Ja, das klingt doch nicht schlecht. Ich fühle mich sehr geehrt.
Was kommt während der Berlinale auf dich zu?
Es geht in erster Linie darum, bei internationalen Filmemachern und Castern vorstellig zu werden.
Reizt es dich, im Ausland zu arbeiten? Wie hört sich Hollywood für dich an?
Ich muss sagen, dass mir das Land, in dem ich drehe, relativ egal ist. Mir kommt es auf das Drehbuch und den Regisseur an. Wenn das stimmt, dann drehe ich wahnsinnig gerne in Deutschland. Dann würde ich aber auch in Frankreich oder Hollywood drehen.

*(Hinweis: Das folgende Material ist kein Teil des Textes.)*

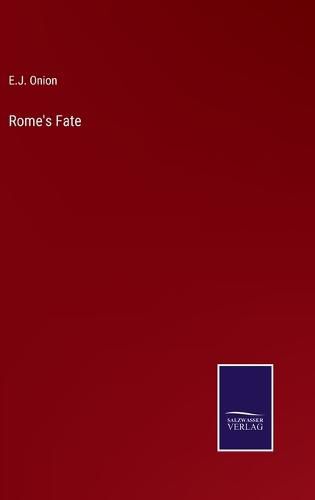 Cover image for Rome's Fate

Hollywood um Hollywood willen - das wäre nichts für mich.
Fühlst du dich selbst überhaupt noch als Shootingstar?
Man kann bei der Berlinale Shooting Star werden, bis man 32 Jahre alt ist. Insofern ist der Shooting Star eine andere Kategorie als die des Newcomers. Trotz, dass ich schon sehr viel gemacht habe finde den Titel als Anrede schön. So, als dürfe man auch noch mal ein paar Fehler machen. Als müsse man nicht immer perfekt sein. Das gefällt mir.